**TASK TO CARRY OUT:** Each and every line of the data must appear exactly as given.

**EXERCISE MATERIALS:**
::::
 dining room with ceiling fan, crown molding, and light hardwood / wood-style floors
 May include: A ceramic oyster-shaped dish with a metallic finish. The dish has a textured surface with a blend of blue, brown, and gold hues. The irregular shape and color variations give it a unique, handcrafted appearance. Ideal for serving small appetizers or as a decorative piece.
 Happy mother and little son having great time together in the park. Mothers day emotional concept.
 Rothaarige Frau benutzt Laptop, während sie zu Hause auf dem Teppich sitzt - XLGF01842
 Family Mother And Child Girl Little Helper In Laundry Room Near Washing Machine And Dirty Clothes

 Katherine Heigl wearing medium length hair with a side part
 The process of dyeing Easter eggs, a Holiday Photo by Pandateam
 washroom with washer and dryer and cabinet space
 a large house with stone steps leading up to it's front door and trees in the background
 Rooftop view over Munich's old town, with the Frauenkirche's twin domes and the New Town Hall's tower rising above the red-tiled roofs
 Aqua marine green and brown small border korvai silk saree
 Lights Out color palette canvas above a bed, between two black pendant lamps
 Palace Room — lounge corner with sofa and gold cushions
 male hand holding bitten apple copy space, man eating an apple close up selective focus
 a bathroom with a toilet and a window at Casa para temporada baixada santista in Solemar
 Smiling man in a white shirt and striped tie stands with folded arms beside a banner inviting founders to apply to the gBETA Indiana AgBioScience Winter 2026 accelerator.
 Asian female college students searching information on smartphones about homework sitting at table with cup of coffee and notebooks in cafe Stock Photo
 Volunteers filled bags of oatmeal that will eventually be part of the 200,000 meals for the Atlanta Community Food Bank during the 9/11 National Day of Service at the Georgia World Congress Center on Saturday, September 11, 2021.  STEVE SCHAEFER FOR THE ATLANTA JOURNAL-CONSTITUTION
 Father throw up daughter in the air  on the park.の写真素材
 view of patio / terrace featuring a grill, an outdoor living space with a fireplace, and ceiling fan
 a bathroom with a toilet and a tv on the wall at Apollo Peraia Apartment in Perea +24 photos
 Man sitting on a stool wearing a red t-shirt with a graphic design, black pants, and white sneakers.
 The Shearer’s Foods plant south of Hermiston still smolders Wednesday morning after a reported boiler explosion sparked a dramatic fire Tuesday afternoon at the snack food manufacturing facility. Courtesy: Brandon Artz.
::::
**TASK SOLUTION:**
 dining room with ceiling fan, crown molding, and light hardwood / wood-style floors
 May include: A ceramic oyster-shaped dish with a metallic finish. The dish has a textured surface with a blend of blue, brown, and gold hues. The irregular shape and color variations give it a unique, handcrafted appearance. Ideal for serving small appetizers or as a decorative piece.
 Happy mother and little son having great time together in the park. Mothers day emotional concept.
 Rothaarige Frau benutzt Laptop, während sie zu Hause auf dem Teppich sitzt - XLGF01842
 Family Mother And Child Girl Little Helper In Laundry Room Near Washing Machine And Dirty Clothes

 Katherine Heigl wearing medium length hair with a side part
 The process of dyeing Easter eggs, a Holiday Photo by Pandateam
 washroom with washer and dryer and cabinet space
 a large house with stone steps leading up to it's front door and trees in the background
 Rooftop view over Munich's old town, with the Frauenkirche's twin domes and the New Town Hall's tower rising above the red-tiled roofs
 Aqua marine green and brown small border korvai silk saree
 Lights Out color palette canvas above a bed, between two black pendant lamps
 Palace Room — lounge corner with sofa and gold cushions
 male hand holding bitten apple copy space, man eating an apple close up selective focus
 a bathroom with a toilet and a window at Casa para temporada baixada santista in Solemar
 Smiling man in a white shirt and striped tie stands with folded arms beside a banner inviting founders to apply to the gBETA Indiana AgBioScience Winter 2026 accelerator.
 Asian female college students searching information on smartphones about homework sitting at table with cup of coffee and notebooks in cafe Stock Photo
 Volunteers filled bags of oatmeal that will eventually be part of the 200,000 meals for the Atlanta Community Food Bank during the 9/11 National Day of Service at the Georgia World Congress Center on Saturday, September 11, 2021.  STEVE SCHAEFER FOR THE ATLANTA JOURNAL-CONSTITUTION
 Father throw up daughter in the air  on the park.の写真素材
 view of patio / terrace featuring a grill, an outdoor living space with a fireplace, and ceiling fan
 a bathroom with a toilet and a tv on the wall at Apollo Peraia Apartment in Perea +24 photos
 Man sitting on a stool wearing a red t-shirt with a graphic design, black pants, and white sneakers.
 The Shearer’s Foods plant south of Hermiston still smolders Wednesday morning after a reported boiler explosion sparked a dramatic fire Tuesday afternoon at the snack food manufacturing facility. Courtesy: Brandon Artz.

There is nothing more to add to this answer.